| Problem requirements |
A verbatim copy is needed of the lines below from the one containing "Green and gold" up to and including the one containing "Moderner Bollywood Party", excluding pictures.

| Available data |
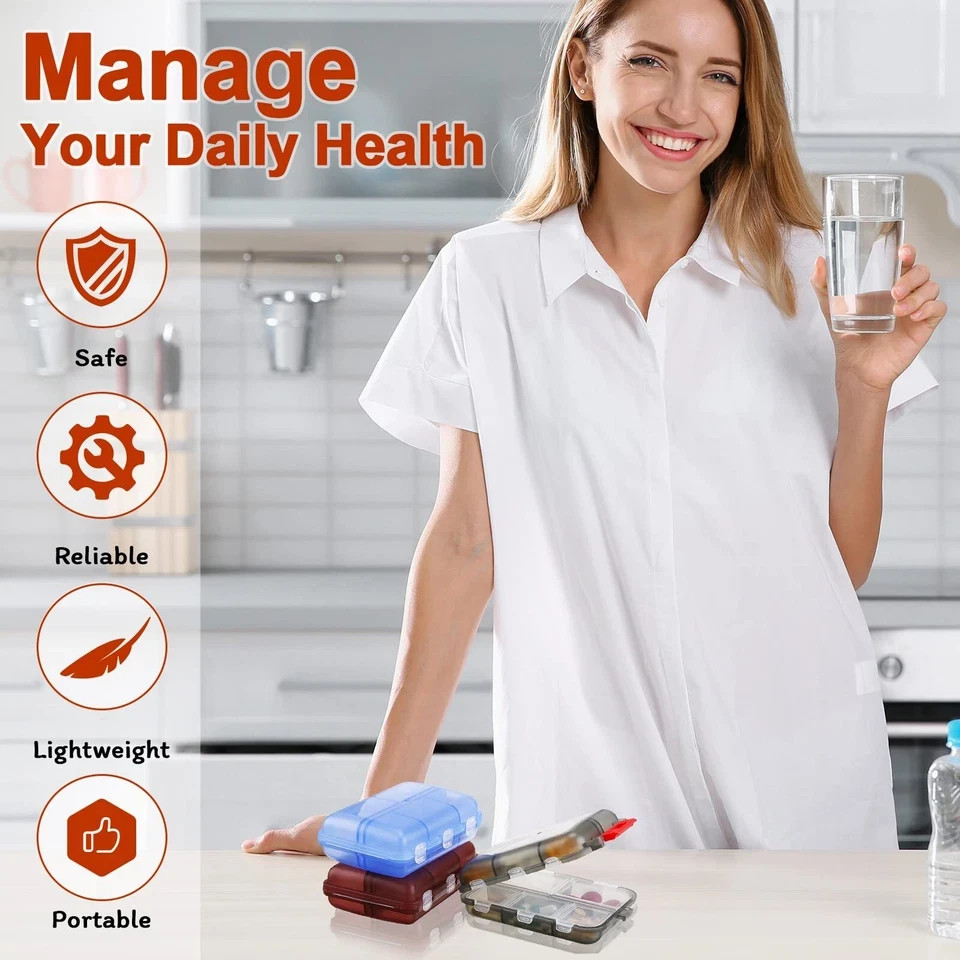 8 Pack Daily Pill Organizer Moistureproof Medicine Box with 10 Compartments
...
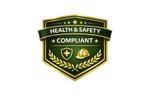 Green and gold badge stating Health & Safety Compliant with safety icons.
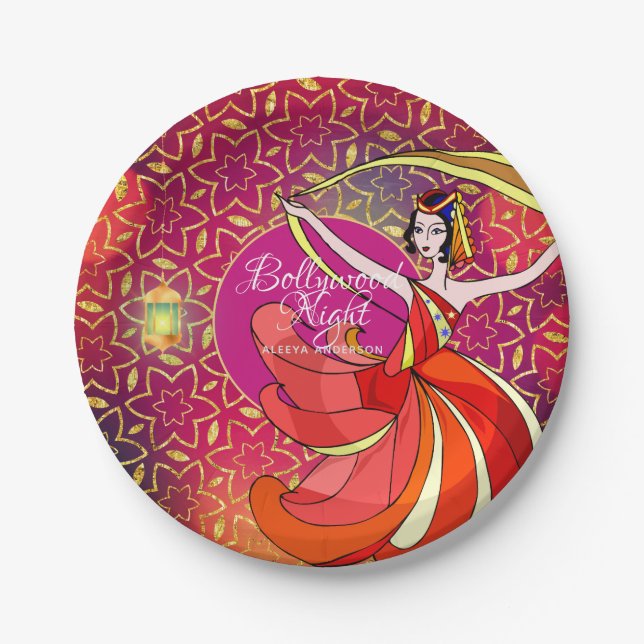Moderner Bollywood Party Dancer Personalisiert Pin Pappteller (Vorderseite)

| Response for this exercise |
 Green and gold badge stating Health & Safety Compliant with safety icons.
Moderner Bollywood Party Dancer Personalisiert Pin Pappteller (Vorderseite)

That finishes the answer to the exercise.